From time to time items of interest come to me via a Google Alert, “9/11 Commission.” Today, the alert surfaced an education-related article, “Remembering 9/11: Teachers evolve lesson to adapt to growing history,” Leslie Parrilla, San Bernadino (California) Sun. The target school audience in this case is 10th and 11th grade classes at Rancho Cucamonga High School, students who were preschoolers or younger on that eventful day.
9/11 in Transition
The article marks the transition of the events of 9/11 from a news event to an historical event. As Parrilla writes, “educators have transitioned teaching from the event as a shocking, traumatic, personal occurrence to a historical, social and cultural event.
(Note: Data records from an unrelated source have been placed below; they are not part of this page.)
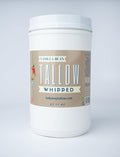 Whipped Tallow 85oz - All Natural Face Cream + Whole Body Moisturizer for Dry Skin - Made With Scented Oil Blend - No Preservatives, Parabens or Seed Oils - USA Made (Vanilla)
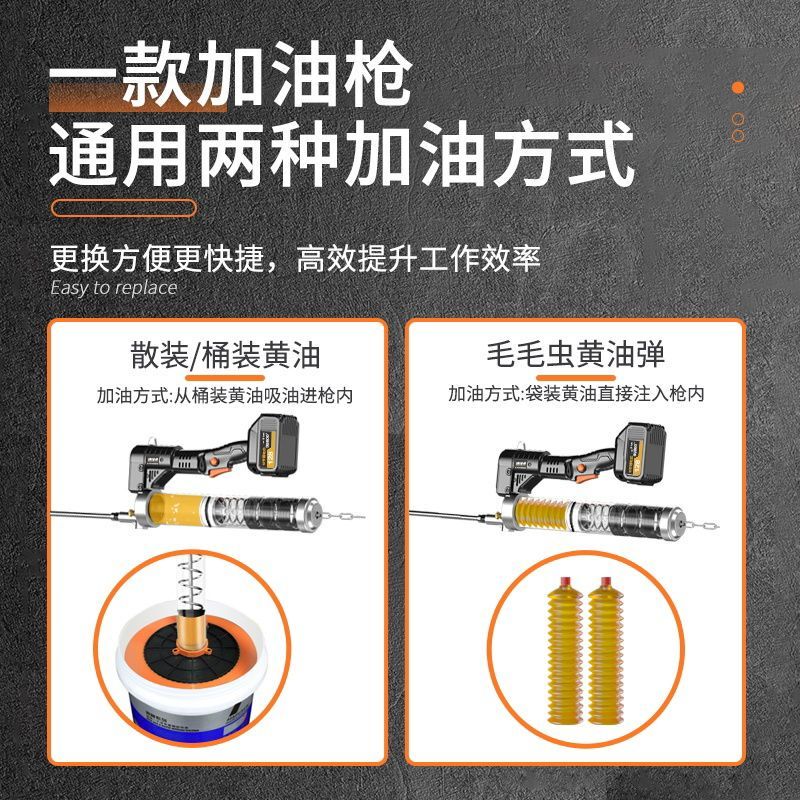 德国进口车用气动黄油枪：高压打黄油神器，自动排气挖机黄油机，手动毛的终极解决方案！
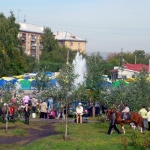 Ярмарка в Октябрьском районе, 2010 год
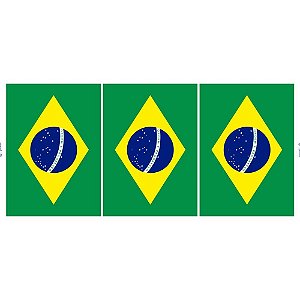 Decoracao Copa do Mundo TNT 1,40M 40G Bandeira Brasil RL-25MTS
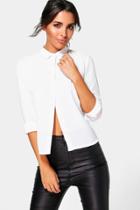 Boohoo Bonnie Woven Shirt White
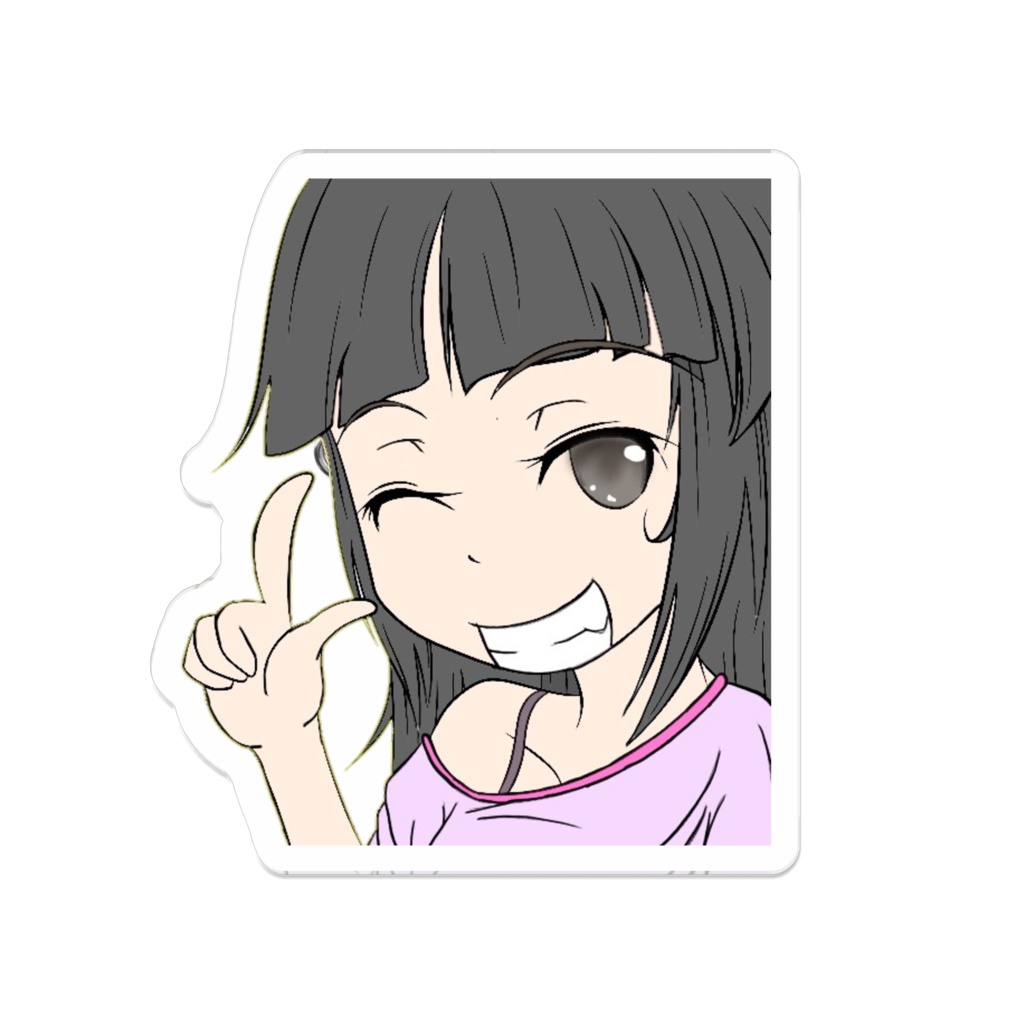 白兎ちゃんアクリルバッジ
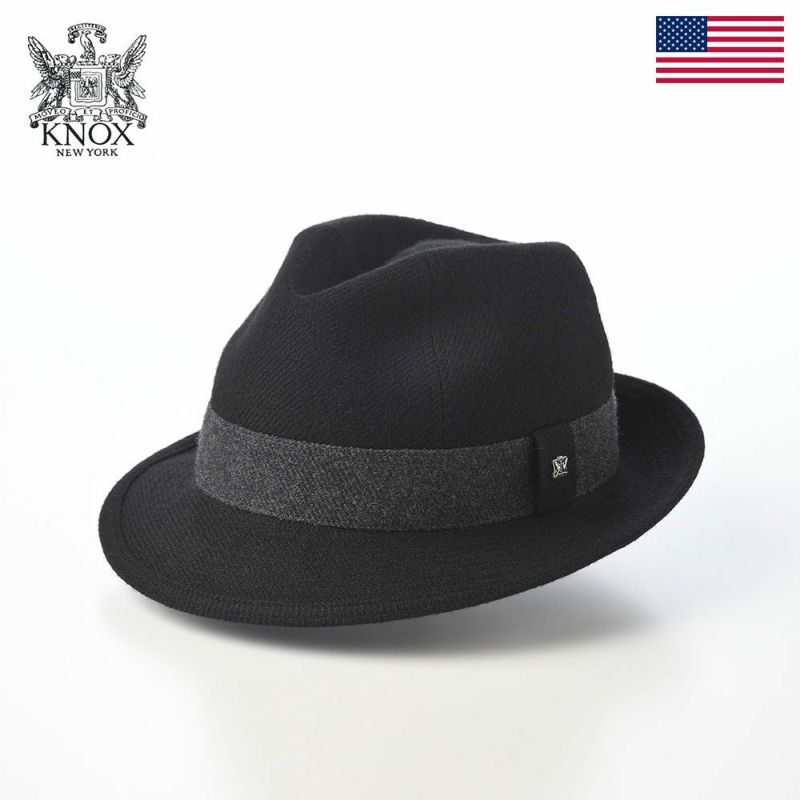 ノックスのソフトハット Wool Serge Windsor（ウールサージ ウインザー） ブラック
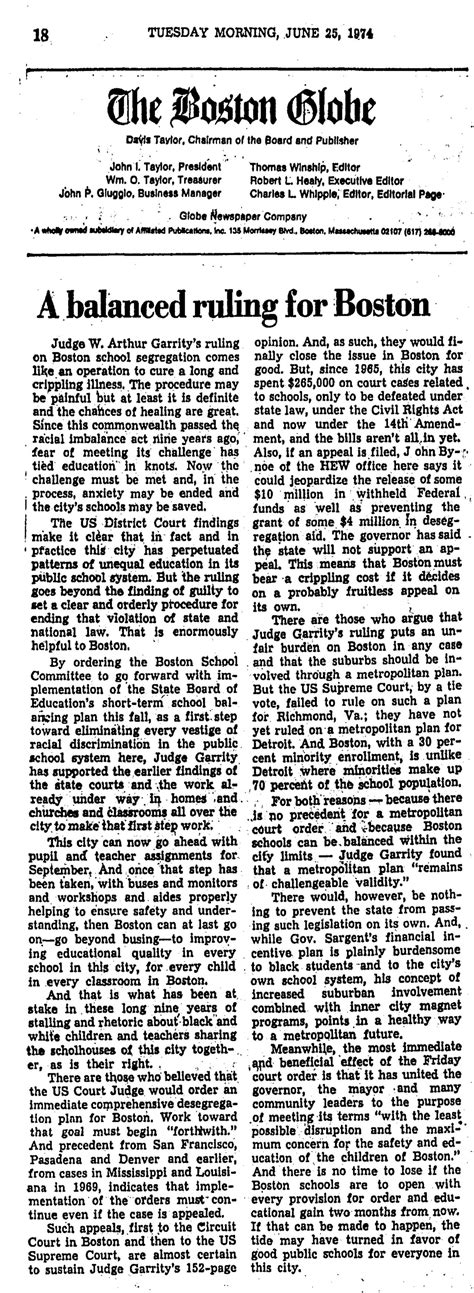 From the archives: 1974 Globe editorial on busing - The Boston Globe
Each years class brings more detachment from the event to the point that in just a few years students exposed to the curriculum will have not yet been born.
The Commission Report
Teachers are now asking students to do their own literature searches and to begin asking about the “nitty gritty,” to search and learn in depth. At least one teacher is making assignments based on the 9/11 Commission Report.
“Government teacher William Reinhart at Verdugo Hills High School in the Tujunga area of Los Angeles said he continues to teach Sept. 11 as the evolving story that it is, from watching it unfold on television that day with students in his classroom, to making more detached generations connect dots by linking 9/11 to current airport restrictions and the creation of the U.S. Department of Homeland Security.
“That (history) didn’t exist in the year or two, three years after,” Reinhart said. “We as a nation were in the grieving process and there were orange alerts and red alerts and you could only bring liquids here or there and there were shoe bombers. We were kind of catching our breath. All the subsequent years after that it’s changed a little.”
Now Reinhart approaches instruction about that day through history and government, through counter-terrorism policy and the fighting in Afghanistan and Iraq. He hands out assignments about the 9/11 Commission report.
I substitute taught at Thomas Jefferson high school in Northern Virginia for two years in the early 1990’s. It was two years of pure enjoyment watching students being challenged to critique and create and responding to that challenge. I am confident that today’s high school (and college students) will be able to sort out fact from fiction as they deal with the events of 9/11 in historical perspective.
(Note: Thomas Jefferson is consistently the highest or among the highest rated high schools in the nation.)